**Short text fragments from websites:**
━━━━━━━━━━━━━━━━
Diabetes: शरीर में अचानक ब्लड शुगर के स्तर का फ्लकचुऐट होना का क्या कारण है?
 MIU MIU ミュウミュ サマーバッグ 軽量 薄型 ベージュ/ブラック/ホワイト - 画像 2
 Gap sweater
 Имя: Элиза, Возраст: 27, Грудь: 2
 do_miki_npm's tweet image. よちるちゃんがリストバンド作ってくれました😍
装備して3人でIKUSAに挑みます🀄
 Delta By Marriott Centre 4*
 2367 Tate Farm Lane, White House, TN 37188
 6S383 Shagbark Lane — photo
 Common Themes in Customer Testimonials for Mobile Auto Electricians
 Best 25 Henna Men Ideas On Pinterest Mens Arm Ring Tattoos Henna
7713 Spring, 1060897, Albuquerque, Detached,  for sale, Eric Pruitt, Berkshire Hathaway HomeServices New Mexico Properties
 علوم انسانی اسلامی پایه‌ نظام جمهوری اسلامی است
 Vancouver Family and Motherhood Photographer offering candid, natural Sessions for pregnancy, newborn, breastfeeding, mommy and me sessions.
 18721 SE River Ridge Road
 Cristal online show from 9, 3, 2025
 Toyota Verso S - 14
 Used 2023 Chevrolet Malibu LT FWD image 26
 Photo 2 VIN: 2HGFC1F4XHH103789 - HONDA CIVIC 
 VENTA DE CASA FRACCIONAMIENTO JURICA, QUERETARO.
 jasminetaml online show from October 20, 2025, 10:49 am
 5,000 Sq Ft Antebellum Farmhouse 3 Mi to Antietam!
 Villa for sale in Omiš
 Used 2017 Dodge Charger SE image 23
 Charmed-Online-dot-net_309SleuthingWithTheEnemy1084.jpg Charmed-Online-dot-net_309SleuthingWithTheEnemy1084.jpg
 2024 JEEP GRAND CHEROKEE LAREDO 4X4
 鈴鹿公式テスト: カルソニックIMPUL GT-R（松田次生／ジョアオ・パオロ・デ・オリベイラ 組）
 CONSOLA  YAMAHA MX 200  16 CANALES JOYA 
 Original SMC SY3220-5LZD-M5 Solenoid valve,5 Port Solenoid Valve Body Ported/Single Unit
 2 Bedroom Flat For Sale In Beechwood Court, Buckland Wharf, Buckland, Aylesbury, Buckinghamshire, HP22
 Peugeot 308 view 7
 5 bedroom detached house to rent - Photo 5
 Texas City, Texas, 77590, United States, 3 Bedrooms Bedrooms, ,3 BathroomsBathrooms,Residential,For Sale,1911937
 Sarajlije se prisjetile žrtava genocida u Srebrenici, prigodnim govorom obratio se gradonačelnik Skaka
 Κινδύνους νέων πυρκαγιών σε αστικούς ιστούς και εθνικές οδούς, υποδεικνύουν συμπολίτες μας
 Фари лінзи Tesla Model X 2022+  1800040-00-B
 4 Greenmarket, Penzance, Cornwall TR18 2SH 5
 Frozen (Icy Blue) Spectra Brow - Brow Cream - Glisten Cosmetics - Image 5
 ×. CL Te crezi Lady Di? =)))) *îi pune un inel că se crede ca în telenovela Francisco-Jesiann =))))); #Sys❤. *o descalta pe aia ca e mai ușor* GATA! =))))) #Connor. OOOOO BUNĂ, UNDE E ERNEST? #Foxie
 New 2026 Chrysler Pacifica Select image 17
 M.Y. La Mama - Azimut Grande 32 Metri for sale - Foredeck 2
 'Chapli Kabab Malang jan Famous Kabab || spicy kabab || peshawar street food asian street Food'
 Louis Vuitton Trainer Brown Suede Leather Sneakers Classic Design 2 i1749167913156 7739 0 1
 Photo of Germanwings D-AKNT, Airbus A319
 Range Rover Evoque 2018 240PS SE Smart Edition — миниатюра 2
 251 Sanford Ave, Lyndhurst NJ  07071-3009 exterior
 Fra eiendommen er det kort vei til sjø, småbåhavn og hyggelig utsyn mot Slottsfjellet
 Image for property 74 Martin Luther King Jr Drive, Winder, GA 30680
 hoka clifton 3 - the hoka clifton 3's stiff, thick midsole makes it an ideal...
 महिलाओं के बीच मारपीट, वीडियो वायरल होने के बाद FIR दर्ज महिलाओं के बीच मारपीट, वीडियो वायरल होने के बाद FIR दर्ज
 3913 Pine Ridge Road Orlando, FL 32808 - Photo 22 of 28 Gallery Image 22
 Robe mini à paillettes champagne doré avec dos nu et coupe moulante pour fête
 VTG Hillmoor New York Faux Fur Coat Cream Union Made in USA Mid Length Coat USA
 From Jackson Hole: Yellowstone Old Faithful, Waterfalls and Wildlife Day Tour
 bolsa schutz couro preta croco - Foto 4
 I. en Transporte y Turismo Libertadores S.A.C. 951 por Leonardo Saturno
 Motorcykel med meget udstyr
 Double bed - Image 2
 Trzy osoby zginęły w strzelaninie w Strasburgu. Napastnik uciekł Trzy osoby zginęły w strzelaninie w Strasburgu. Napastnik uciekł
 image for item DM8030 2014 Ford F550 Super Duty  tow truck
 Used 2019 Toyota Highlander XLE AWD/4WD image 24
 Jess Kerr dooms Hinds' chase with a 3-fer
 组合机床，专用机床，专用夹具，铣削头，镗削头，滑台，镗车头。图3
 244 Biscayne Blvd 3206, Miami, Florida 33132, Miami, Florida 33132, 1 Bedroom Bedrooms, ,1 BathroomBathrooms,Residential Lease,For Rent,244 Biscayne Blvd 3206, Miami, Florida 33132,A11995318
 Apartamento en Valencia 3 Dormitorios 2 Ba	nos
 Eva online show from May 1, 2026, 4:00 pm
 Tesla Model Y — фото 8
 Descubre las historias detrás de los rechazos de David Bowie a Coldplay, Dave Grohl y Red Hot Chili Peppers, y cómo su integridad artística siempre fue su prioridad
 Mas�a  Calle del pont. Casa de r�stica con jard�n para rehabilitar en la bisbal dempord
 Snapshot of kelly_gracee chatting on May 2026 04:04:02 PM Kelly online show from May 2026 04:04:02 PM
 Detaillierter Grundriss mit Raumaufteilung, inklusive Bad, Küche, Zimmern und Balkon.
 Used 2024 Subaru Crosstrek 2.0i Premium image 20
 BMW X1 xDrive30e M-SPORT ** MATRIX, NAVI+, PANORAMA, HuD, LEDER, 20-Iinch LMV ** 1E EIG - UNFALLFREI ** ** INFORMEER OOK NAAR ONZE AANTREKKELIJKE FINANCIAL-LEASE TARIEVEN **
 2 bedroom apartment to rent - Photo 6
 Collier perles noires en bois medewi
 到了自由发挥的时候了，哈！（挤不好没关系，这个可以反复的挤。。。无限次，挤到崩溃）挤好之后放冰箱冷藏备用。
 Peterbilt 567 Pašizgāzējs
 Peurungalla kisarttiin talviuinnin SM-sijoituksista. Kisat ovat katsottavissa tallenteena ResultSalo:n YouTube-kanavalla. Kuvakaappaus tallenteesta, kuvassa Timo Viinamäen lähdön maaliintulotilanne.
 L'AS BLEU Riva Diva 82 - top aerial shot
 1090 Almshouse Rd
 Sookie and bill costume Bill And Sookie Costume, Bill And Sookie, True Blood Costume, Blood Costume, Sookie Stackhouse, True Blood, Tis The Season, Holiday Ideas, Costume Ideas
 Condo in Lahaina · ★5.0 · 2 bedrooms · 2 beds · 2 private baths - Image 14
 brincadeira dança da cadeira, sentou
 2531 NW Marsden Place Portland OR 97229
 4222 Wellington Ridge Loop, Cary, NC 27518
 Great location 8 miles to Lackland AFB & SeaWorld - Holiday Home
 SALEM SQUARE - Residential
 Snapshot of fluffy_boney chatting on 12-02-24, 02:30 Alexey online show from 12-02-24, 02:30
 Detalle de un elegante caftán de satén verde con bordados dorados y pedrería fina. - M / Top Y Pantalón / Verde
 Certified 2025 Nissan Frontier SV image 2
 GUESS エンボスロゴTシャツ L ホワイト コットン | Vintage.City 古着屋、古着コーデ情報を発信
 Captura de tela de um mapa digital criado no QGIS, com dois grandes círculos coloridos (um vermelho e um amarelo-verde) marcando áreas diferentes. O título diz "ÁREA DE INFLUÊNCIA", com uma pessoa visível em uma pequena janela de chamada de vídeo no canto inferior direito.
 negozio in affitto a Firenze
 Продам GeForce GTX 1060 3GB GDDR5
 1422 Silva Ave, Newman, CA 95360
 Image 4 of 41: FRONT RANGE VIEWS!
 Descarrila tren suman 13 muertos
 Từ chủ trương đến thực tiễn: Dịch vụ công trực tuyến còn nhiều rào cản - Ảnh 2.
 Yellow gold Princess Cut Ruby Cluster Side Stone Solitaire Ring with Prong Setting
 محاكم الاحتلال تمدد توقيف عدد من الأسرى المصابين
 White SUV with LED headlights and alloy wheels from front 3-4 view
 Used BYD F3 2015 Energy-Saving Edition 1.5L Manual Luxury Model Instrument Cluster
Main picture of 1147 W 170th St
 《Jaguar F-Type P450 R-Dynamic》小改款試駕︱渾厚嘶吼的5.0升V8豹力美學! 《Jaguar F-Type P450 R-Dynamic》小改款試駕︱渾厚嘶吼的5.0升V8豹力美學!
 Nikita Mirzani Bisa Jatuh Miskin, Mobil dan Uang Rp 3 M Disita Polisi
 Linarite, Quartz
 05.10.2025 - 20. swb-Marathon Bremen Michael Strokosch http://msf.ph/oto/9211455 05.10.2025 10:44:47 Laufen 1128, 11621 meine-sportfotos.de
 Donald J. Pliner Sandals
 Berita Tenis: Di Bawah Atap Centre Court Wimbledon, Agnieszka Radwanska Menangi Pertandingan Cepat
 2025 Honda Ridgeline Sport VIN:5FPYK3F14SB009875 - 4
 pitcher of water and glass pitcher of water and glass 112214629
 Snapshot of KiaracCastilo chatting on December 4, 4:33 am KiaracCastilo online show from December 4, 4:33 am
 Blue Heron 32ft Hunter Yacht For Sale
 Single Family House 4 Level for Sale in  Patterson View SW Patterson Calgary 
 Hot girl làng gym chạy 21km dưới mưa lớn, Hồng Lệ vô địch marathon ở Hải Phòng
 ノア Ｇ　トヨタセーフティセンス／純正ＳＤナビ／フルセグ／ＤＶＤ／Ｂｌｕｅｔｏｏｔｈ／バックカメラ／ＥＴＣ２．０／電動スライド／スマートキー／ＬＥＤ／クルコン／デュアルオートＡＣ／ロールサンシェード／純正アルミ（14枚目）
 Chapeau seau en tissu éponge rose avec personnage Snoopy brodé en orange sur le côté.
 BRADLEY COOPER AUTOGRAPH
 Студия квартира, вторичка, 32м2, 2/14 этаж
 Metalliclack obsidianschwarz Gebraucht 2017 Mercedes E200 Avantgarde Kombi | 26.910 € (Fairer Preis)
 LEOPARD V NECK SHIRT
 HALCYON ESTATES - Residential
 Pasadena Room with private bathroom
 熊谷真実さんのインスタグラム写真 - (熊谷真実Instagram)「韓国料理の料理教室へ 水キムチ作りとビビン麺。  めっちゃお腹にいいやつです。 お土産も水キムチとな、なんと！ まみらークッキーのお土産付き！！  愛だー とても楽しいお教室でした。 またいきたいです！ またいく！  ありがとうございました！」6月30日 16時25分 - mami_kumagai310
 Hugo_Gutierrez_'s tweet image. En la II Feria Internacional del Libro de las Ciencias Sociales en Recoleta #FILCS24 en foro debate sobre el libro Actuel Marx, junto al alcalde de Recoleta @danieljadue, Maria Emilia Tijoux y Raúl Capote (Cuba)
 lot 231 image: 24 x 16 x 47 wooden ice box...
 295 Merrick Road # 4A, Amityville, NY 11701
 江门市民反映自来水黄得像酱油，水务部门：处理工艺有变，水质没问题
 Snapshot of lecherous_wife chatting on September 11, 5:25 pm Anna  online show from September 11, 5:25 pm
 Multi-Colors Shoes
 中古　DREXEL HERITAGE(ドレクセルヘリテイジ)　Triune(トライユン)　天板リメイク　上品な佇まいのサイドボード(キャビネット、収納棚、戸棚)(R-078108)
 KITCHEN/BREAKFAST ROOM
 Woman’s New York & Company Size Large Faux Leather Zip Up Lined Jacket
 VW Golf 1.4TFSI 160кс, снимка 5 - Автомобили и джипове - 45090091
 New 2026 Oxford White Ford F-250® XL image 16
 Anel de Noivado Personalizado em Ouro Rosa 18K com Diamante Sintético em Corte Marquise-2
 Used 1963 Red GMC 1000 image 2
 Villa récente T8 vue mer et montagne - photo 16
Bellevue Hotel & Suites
━━━━━━━━━━━━━━━━
**WHAT IS BEING ASKED:** In the entries above, the lines between the one holding "BRADLEY COOPER AUTOGRAPH" and the one holding "Woman’s New York", inclusive, are to be printed exactly as written, and those alone.

**RESPONSE TO THIS EXERCISE:**
 BRADLEY COOPER AUTOGRAPH
 Студия квартира, вторичка, 32м2, 2/14 этаж
 Metalliclack obsidianschwarz Gebraucht 2017 Mercedes E200 Avantgarde Kombi | 26.910 € (Fairer Preis)
 LEOPARD V NECK SHIRT
 HALCYON ESTATES - Residential
 Pasadena Room with private bathroom
 熊谷真実さんのインスタグラム写真 - (熊谷真実Instagram)「韓国料理の料理教室へ 水キムチ作りとビビン麺。  めっちゃお腹にいいやつです。 お土産も水キムチとな、なんと！ まみらークッキーのお土産付き！！  愛だー とても楽しいお教室でした。 またいきたいです！ またいく！  ありがとうございました！」6月30日 16時25分 - mami_kumagai310
 Hugo_Gutierrez_'s tweet image. En la II Feria Internacional del Libro de las Ciencias Sociales en Recoleta #FILCS24 en foro debate sobre el libro Actuel Marx, junto al alcalde de Recoleta @danieljadue, Maria Emilia Tijoux y Raúl Capote (Cuba)
 lot 231 image: 24 x 16 x 47 wooden ice box...
 295 Merrick Road # 4A, Amityville, NY 11701
 江门市民反映自来水黄得像酱油，水务部门：处理工艺有变，水质没问题
 Snapshot of lecherous_wife chatting on September 11, 5:25 pm Anna  online show from September 11, 5:25 pm
 Multi-Colors Shoes
 中古　DREXEL HERITAGE(ドレクセルヘリテイジ)　Triune(トライユン)　天板リメイク　上品な佇まいのサイドボード(キャビネット、収納棚、戸棚)(R-078108)
 KITCHEN/BREAKFAST ROOM
 Woman’s New York & Company Size Large Faux Leather Zip Up Lined Jacket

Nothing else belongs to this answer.